2012年5月7日月曜日

日経平均がバレンタイン緩和後の上昇分吐き出す、買い戻しの勢い弱い

外部要因が強すぎるよね。ここで踏ん張れるかなあ。厳しいだろうなあ・・・


連休明けの東京株式市場で日経平均<.N225>は261円安となり、今年最大の下げ幅となった。海外要因に対する懸念の高まりからリスク回避の動きが強まり、約3カ月ぶりの安値圏まで下落。日銀の「バレンタイン緩和」からの上昇分をほぼ吐き出した。

テクニカル面での売られ過ぎのシグナルが出ているほか、国内企業業績に対する期待感もあり下値では買い戻しや打診買いが観測されているものの勢いは弱い。円高や海外次第では9000円割れの可能性も強まるため、投資家の買い姿勢はあくまで「半身」だ。

「市場がリセットされた」──欧州系証券の株式トレーダーはこう話す。日経平均は日銀が追加緩和に踏み切った2月14日から3月27日の高値1万0255円15銭まで値幅にして約1200円上昇したが、7日までにそのほとんどを吐き出し、いわゆる「往って来い」の相場となった。前月末の日銀追加緩和の効果は短く、4月米雇用統計の下振れによる米経済減速懸念やフランス・ギリシャの選挙を受けた欧州財政改革の遅れへの警戒感などが市場センチメントを悪化させている。

7日の東京市場では、TOPIX<.TOPX>の下落率が1%を大きく超え、日銀による指数連動型上場投資信託受益権(ETF)買い入れの期待が高まったものの、後場の戻りは鈍かった。米系証券の株式トレーダーは「外国人投資家は不透明感が強まる欧米情勢を背景にリスクオフの動きを強めている。
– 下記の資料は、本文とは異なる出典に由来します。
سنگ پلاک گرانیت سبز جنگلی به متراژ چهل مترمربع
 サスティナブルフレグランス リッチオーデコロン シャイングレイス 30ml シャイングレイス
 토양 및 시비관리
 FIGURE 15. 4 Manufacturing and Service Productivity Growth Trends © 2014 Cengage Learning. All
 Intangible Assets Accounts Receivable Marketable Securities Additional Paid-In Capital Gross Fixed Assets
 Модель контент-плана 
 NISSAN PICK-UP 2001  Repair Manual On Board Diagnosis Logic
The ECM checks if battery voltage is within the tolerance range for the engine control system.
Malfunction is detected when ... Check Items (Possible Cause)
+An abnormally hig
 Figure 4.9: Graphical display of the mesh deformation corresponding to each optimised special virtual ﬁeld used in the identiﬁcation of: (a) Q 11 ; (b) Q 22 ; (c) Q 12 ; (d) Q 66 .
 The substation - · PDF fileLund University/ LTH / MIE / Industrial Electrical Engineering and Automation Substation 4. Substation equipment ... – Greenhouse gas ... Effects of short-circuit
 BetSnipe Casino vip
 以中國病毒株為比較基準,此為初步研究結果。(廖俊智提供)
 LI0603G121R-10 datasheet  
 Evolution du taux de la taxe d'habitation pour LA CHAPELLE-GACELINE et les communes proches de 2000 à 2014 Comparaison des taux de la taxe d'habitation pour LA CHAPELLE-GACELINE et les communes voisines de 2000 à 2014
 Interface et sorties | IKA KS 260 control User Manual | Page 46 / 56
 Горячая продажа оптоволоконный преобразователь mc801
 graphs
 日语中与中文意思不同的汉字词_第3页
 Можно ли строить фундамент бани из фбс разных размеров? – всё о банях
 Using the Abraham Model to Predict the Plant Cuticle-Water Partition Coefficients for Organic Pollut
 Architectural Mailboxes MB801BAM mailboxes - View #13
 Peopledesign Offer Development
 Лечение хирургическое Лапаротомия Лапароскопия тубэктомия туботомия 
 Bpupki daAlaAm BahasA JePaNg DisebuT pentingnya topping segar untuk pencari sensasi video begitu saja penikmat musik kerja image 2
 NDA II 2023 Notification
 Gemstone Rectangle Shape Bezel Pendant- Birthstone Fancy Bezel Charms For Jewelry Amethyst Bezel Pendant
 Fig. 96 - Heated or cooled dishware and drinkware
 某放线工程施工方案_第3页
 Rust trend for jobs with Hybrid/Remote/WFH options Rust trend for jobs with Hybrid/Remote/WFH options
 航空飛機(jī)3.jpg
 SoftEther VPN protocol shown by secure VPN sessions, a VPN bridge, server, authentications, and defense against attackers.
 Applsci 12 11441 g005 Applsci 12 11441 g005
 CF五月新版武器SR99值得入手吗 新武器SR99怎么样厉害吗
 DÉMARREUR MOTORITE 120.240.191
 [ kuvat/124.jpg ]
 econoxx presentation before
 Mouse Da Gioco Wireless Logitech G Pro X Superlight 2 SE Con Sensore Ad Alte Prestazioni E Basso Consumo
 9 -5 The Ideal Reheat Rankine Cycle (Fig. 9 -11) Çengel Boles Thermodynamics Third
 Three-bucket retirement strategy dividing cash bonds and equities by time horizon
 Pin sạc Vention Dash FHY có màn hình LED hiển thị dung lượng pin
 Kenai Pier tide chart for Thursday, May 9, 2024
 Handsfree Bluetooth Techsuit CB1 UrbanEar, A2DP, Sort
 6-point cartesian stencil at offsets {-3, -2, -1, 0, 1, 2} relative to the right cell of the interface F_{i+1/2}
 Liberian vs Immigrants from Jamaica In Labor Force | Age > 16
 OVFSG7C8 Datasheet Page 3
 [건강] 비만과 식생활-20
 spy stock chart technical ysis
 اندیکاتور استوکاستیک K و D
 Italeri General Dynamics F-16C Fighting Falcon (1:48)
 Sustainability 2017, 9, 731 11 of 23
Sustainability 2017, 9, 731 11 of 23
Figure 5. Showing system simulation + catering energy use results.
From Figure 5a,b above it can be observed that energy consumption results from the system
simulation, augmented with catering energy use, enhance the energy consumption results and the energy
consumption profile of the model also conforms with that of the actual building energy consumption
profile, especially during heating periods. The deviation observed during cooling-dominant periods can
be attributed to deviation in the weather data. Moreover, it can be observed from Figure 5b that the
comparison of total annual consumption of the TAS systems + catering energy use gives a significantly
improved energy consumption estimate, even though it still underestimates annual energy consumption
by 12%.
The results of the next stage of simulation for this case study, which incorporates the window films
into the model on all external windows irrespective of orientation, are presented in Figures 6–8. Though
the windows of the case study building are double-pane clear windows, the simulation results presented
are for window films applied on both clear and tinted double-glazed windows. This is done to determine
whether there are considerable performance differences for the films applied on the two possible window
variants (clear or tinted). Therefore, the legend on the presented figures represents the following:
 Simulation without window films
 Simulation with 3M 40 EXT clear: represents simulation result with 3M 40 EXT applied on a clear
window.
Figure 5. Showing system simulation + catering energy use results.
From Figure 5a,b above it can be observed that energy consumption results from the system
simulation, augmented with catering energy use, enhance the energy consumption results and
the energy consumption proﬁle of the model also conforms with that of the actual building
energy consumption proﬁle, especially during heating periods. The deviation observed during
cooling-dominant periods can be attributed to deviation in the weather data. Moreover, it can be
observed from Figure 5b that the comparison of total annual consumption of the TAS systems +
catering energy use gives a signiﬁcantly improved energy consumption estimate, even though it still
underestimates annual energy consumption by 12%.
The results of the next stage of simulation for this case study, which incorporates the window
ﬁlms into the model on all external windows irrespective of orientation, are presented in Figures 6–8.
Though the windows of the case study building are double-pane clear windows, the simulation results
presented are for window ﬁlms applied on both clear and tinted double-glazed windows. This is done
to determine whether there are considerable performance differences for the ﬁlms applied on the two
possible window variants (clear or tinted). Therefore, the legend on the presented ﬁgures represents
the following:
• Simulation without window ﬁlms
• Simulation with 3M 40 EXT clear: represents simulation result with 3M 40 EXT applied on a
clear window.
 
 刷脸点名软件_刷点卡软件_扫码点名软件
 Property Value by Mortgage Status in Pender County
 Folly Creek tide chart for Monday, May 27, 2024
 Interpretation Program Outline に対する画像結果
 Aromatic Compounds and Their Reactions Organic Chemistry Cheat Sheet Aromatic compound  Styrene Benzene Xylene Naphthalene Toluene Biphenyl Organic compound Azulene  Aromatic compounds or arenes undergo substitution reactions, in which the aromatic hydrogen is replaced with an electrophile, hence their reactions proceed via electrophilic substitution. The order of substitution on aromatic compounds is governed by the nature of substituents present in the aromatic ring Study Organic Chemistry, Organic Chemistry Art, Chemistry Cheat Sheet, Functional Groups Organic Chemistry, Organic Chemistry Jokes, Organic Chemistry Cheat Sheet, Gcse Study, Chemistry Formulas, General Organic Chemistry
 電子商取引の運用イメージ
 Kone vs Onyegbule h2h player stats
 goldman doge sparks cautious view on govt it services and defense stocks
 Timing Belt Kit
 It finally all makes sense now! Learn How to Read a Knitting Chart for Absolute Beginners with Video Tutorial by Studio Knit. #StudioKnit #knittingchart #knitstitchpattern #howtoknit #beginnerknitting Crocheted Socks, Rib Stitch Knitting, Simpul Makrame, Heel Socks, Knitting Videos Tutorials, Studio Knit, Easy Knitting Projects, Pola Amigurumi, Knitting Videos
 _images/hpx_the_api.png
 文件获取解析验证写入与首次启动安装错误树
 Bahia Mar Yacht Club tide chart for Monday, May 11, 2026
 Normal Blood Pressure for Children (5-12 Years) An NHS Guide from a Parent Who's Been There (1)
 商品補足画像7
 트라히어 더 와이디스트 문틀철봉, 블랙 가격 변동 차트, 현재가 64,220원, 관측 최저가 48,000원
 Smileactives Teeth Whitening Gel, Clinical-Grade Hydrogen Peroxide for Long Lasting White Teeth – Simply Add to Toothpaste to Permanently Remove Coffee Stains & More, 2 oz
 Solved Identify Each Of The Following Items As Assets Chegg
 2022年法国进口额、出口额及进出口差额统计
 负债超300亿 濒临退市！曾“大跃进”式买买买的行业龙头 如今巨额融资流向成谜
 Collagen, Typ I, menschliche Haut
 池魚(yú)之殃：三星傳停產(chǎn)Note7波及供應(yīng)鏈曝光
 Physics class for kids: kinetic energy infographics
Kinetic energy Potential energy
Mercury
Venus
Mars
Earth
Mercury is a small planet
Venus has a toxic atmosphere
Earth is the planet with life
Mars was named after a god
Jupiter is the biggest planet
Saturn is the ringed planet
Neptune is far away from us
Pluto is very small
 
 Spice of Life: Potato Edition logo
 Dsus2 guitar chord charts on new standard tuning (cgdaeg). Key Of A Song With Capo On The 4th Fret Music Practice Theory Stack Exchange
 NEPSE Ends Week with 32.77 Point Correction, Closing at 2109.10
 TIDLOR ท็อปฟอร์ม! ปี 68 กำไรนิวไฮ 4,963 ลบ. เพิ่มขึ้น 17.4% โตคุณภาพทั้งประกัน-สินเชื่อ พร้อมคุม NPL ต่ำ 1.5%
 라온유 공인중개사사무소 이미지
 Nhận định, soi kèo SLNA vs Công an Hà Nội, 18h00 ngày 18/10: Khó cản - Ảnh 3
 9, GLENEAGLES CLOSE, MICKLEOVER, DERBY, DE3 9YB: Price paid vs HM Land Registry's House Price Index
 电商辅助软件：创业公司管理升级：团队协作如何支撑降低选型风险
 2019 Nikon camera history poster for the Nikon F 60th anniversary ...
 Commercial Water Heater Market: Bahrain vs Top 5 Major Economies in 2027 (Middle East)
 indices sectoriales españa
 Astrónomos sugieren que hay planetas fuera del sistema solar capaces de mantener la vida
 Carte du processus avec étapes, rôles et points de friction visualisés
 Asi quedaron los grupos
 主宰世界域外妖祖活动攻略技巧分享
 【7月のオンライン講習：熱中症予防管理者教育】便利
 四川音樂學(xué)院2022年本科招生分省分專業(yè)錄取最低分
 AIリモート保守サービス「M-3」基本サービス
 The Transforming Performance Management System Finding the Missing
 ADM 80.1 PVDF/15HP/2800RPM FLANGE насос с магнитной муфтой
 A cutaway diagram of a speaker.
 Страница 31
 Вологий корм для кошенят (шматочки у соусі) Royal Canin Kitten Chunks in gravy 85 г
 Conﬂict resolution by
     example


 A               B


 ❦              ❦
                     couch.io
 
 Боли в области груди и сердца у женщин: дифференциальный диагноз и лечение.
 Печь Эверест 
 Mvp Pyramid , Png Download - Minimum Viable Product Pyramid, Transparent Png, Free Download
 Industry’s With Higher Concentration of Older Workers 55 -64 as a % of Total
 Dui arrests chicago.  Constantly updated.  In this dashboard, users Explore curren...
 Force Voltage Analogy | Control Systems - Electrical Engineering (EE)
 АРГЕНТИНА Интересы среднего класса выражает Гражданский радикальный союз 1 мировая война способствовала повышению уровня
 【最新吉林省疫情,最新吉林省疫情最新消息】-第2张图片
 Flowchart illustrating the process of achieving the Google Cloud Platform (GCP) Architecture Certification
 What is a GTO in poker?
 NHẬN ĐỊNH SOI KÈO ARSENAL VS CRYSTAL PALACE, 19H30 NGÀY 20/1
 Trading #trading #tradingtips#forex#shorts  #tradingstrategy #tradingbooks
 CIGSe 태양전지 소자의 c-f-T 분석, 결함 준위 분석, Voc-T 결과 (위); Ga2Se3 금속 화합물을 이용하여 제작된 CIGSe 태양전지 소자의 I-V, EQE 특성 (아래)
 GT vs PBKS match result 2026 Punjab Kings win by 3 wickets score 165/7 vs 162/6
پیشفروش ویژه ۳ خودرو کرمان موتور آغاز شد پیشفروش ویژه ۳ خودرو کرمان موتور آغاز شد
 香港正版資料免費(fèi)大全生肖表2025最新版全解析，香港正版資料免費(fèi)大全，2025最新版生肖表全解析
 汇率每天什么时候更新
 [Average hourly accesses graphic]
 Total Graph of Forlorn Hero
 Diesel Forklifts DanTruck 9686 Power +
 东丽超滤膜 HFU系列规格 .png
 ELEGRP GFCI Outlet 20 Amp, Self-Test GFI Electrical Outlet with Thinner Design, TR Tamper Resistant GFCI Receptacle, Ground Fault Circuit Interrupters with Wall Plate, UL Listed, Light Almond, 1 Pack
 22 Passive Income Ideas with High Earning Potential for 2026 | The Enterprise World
日本株を売り込む感じではないが、ロングオンリーのヘッジファンドなどからポジションを外す動きがみられる」と話す。

外為市場でドル/円が79円台、ユーロ/円が103円台にあり、円高に対する警戒感が根強いことも手控え要因だ。みずほ証券リサーチ&コンサルティングによると、5月2日までに発表された東証1部の上場企業271社(除く金融)の2013年3月期の純利益見通しは前期比78.5%増となった。期初時点では保守的な数値が出やすいなか、事前想定に沿った強めの数値が出ていることはポジティブ材料だ。「今週はトヨタ自動車<7203.T>や日立<6501.T>、ソニー<6758.T>などの決算発表があり、主力企業の好業績が明らかとなれば見直し買いにつながりやすい」(準大手証券)という。だが、このまま円高が進行すれば、収益回復予想の前提が崩れる。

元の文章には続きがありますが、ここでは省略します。